I try to eat, cook and bake gluten free most of the time. I am not on an exclusive "no wheat" diet like I used to be when I was having some health issues a few years ago.
Since December I have been able to eat some white wheat products. I still cannot handle anything that is 100% wheat like pasta or bread. I immediately start having issues and my face breaks out with a HUGE rash…it's not pretty let me tell you!
So, because of that I get lazy about posting gluten free recipes. I received an email from a friend asking me about some ideas for her daughter. She is very sensitive and intolerant of wheat specifically. In the course of our exchange, she mentioned that her daughter missed waffles the most.
I can relate. There were so many things I missed too. Waffles, Pancakes, French Bread and so on. The challenge is finding something that taste and feels like what you are used to.
I told my friend that I would work on finding or creating a recipe that she could make for her daughter.
I know that there are several recipes around the web (probably a few 1000 in fact) but I don't have all day to be on the computer reading reviews and such.

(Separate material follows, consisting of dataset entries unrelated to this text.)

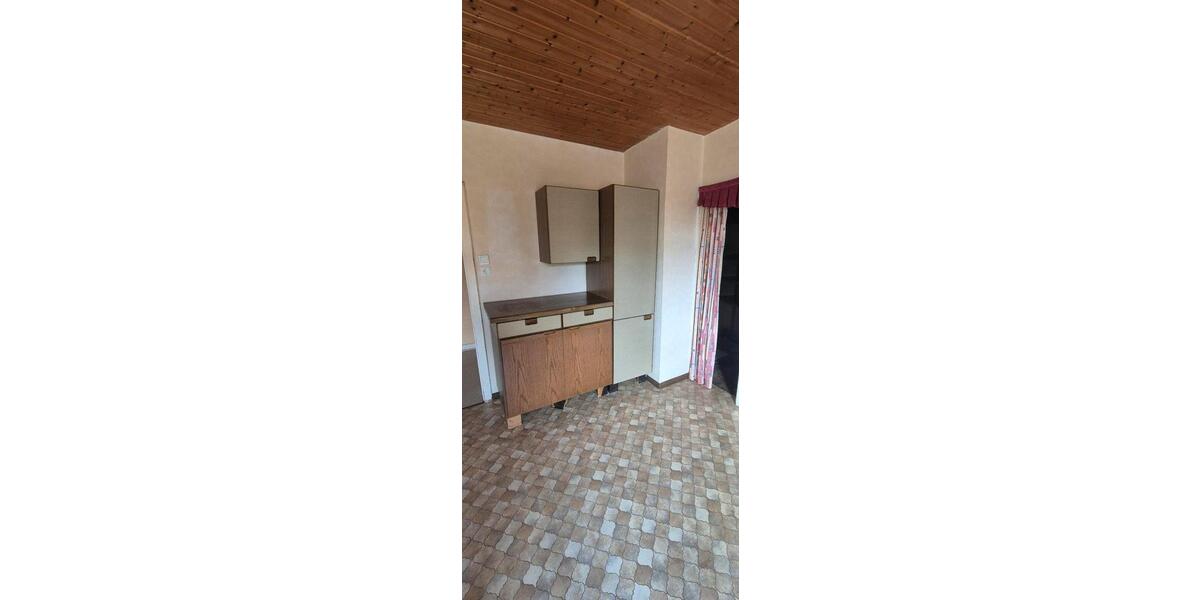 Etagenwohnung Heusweiler - 5 Zimmer, 130 m&sup2;, 900&euro; | Angebot:25957201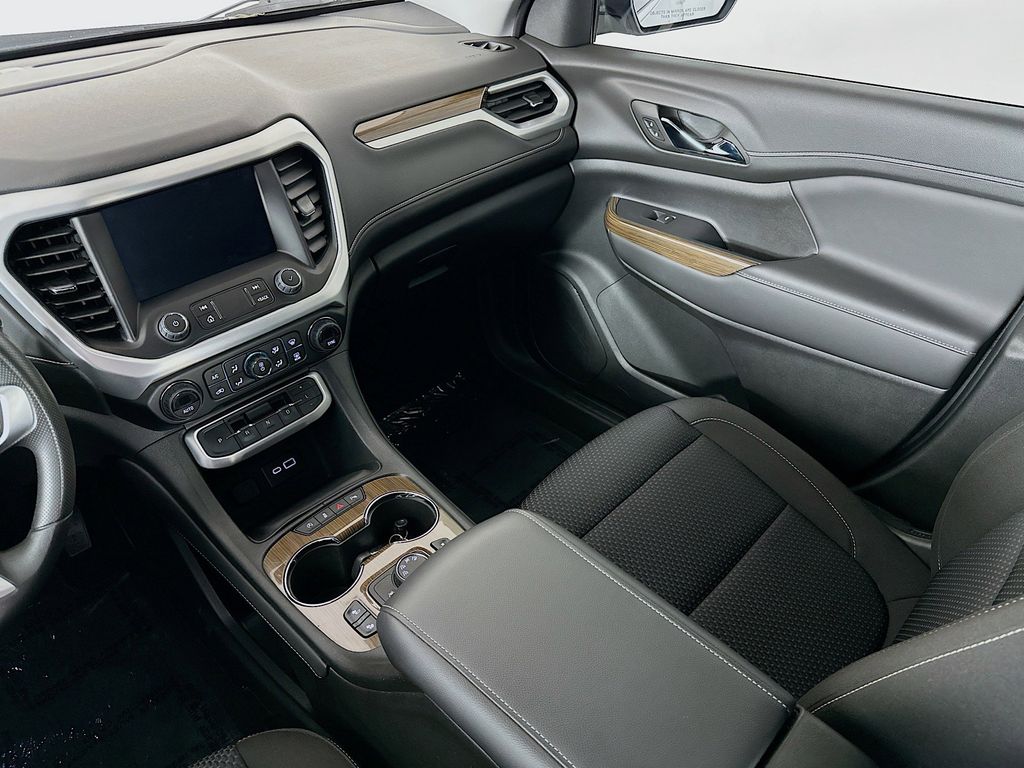 Thumbnail: 2023 GMC Acadia - 14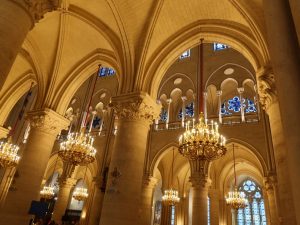 改修後の建物内。以前より明るく、きれいになった。照明などももちろん変えられている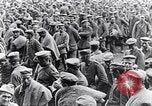 Image des prisonniers de guerre allemands France, 1917, de la seconde 29 séquences d'archives historiques vidéo 65675027535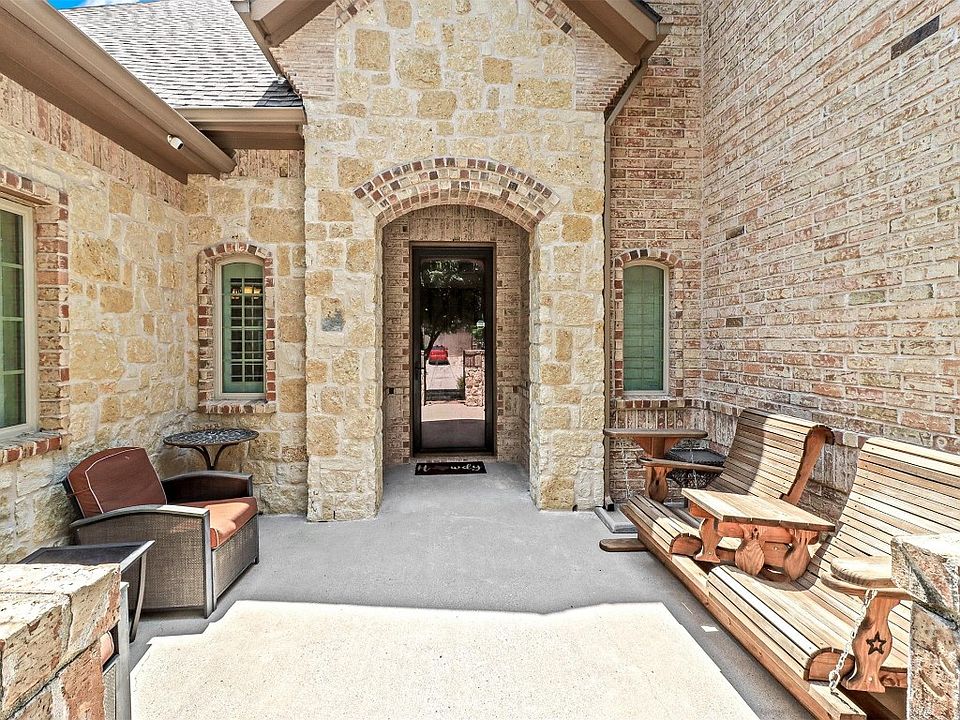1st image of 3029 Ruby Dr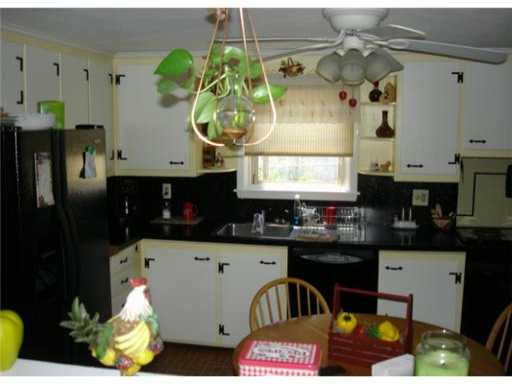 193 West Shore Road Warwick, RI 02889 - Photo 6 of 14 Kitchen.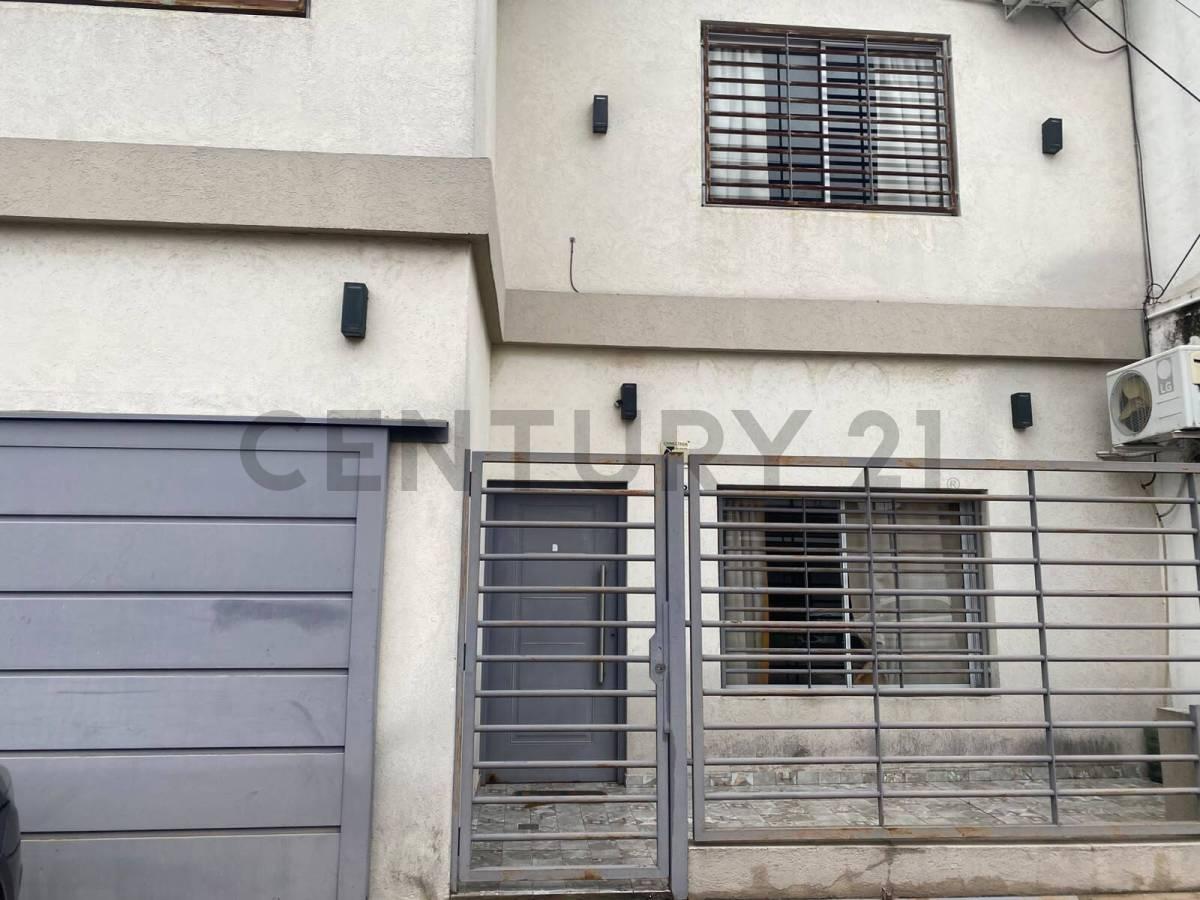 CASA EN VENTA VILLA LUZURIAGA 4-5 ambientes en LOTE PROPIO — foto 1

I decided to just use what I know and pull something together. I admit it took a couple of batches to find the right taste and texture.
There are a few things to remember though. You can't eat them right out of the waffle iron. For some reason the mix (and this is normal with a lot of gluten free items) needs to sit and cool slightly. If you don't do this, then it is gummy and not good. In fact, for me, I prefer to make them and have them cool completely then microwave them for a few minutes. That is just me though.

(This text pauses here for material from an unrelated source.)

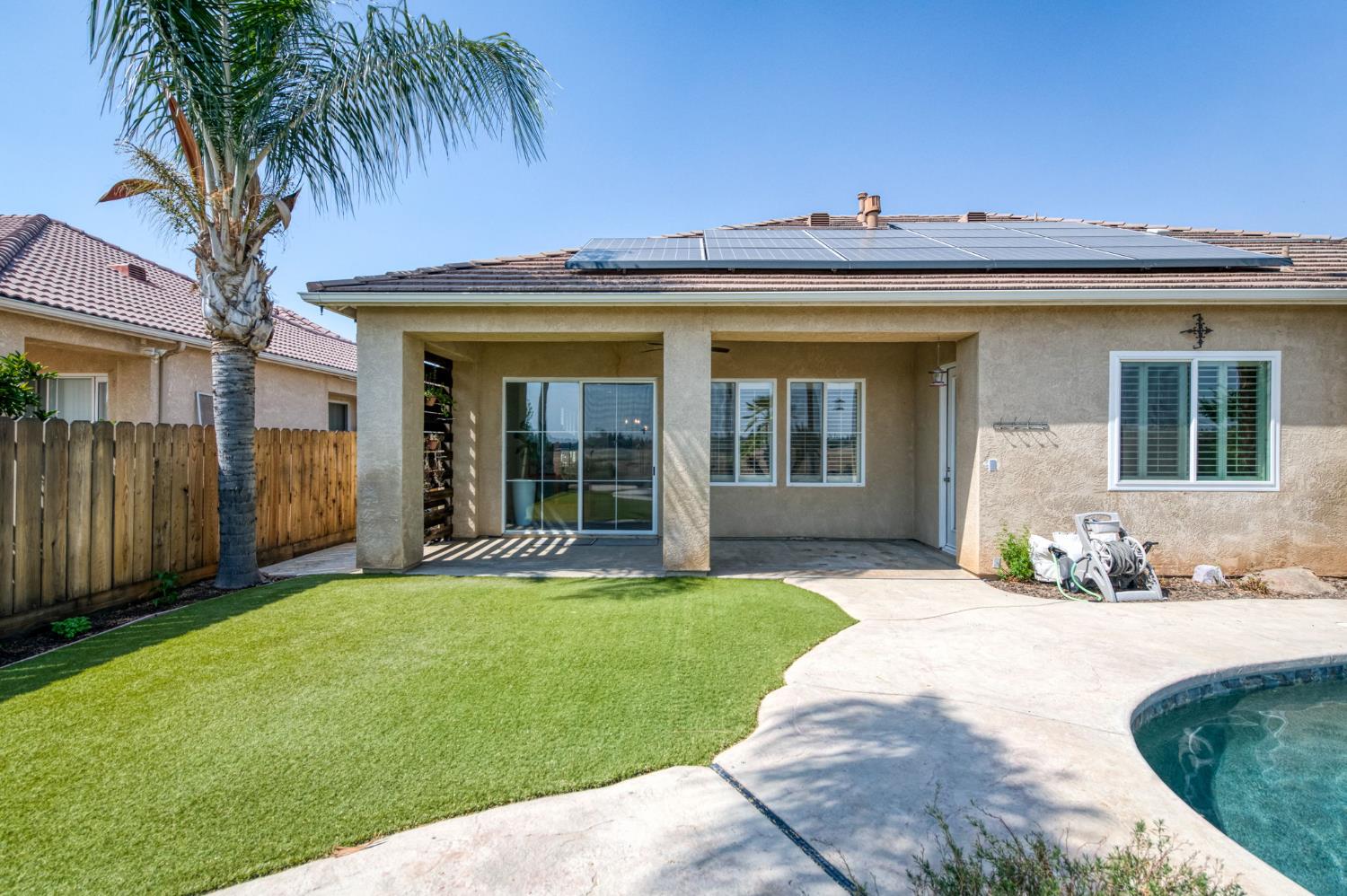 2392 Trenton, Clovis, CA 93619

Working with gluten free flours and starches takes a bit to understand which flours work well and how much to use. I did make a batch of waffles with some buckwheat and oat flour that I loved. The kids thought the flavor was too strong. I LOVE buckwheat. When substituting these flours think in terms of percentages. I try to only replace about 25% of the rice flour with the grain flours (teff, quinoa, oat, etc).
Baking breads, muffins and other goods requires the use of xanthum gum at times. When you decide to venture into this area of baking I would recommend buying a cook book or searching out recipes on the web. There are lots of gluten free sites that have wonderful recipes.

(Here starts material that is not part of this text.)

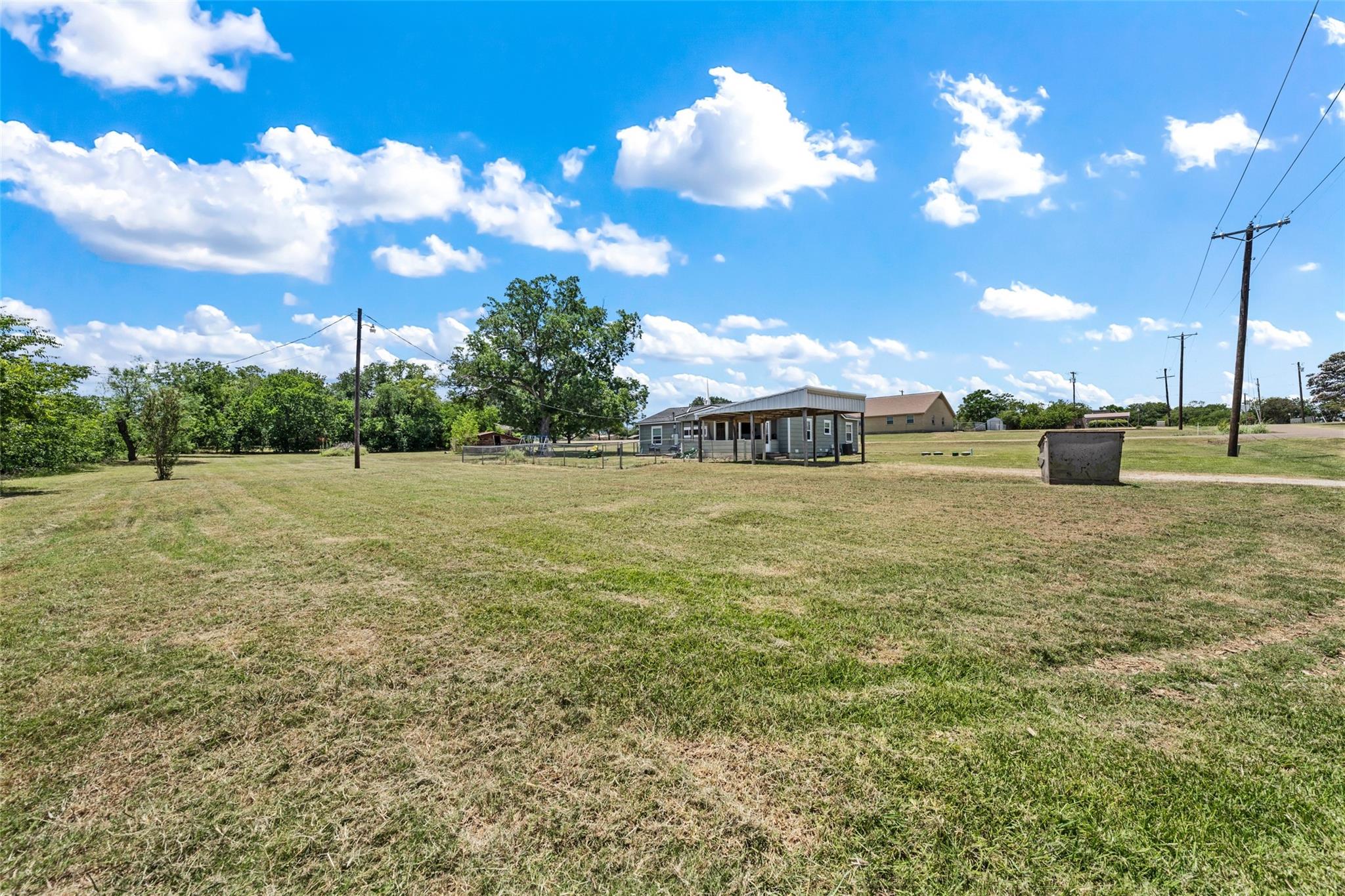 main property photo 19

Bake to the waffles…..they are good and I hope that you enjoy them too!
|I purposely left off the syrup so that you could see how fluffy the waffles were.|
Recipe: Gluten Free Waffles, makes 8 waffles
1 cup of white rice flour
1/2 cup of potato starch (not potato flour..it is not the same)
1/4 cup of tapioca flour
2 tsp. baking powder
1/2 tsp. baking soda
1 tsp. salt
1 tsp. sugar
1/4 cup of canola oil
2 eggs (at room temperature)
1 1/2 cups of buttermilk
In two separate bowls, mix the dry ingredients REALLY GOOD in one and in the other, mix the wet ingredients.
Combine the wet into the dry and stir until smooth.
Heat your waffle iron and add your mix.
Cook each waffle until golden brown. My waffle iron was taking about 5 minutes. Check your manual for cook times.
Let cool on a cookie rack until ready to eat. Store in baggies and refrigerate. Microwave for a few seconds and serve with syrup.